Precious Metals

United States Treasury gold valued in trillions

Treasury-owned gold includes 12 Proof .9999 fine gold 2000-W Sacagawea dollars secured at the Fort Knox Bullion Depository in Kentucky.

Images courtesy of United States Mint.

The worth of the gold held by the United States Treasury would be valued at more than $338 billion if the worth was calculated using the spot price of the metal per troy ounce.

The $338 billion figure was rendered by multiplying the Sept. 16 closing spot price of gold on the London market at $1,232.25 per troy ounce by the 274,951,736.798 fine troy ounces of Treasury-owned gold in Treasury and Federal Reserve Bank storage.

But the current value as kept on government ledgers is just over $11.6 billion, since the calculation is based on an official price of $42.2222 per fine troy ounce of pure gold.

The statutory price of gold has been $42.2222 per fine troy ounce since 1973.

The Treasury’s Bureau of the Fiscal Service report on U.S. Treasury-owned gold:

??Reflects gold bullion and gold coins owned by the federal government.

??Summarizes the fine troy ounces and the book value of gold held by various facilities.

??Identifies the value of gold coins and bullion on display at Federal Reserve banks; coins and bullion in reserve at the Federal Reserve Bank of New York; and gold held by U.S. Mint facilities.

The Federal Reserve does not own gold. The Gold Reserve Act of 1934 required the Federal Reserve System to transfer ownership of all of its gold to the Department of the Treasury.

The Treasury report from the Bureau of Fiscal Service states that the highest quantity of gold is stored at the Fort Knox Bullion Depository in Kentucky, with 147,342,858.382 fine troy ounces.

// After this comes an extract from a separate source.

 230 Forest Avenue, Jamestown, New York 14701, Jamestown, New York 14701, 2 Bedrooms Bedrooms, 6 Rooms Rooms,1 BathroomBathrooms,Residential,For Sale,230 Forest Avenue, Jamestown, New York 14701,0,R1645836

The Fort Knox total includes 10 1933 Saint-Gaudens gold $20 double eagles and 12 Proof .9999 fine gold 2000-W Sacagawea dollars.

The totals include both “deep storage” and “working stock” inventories.

“Deep storage” is defined by the Treasury as “the portion of the U.S. government-owned Gold Bullion Reserve that the U.S. Mint secures in sealed vaults, which are examined annually by the Department of Treasury’s Office of the Inspector General.”

“Working stock” is “the portion of the U.S. government-owned Gold Bullion Reserve that the U.S. Mint uses as the raw material for minting congressionally authorized coins.”

Note: An earlier version of this article mistakenly stated the figures in "trillions" rather than "billions."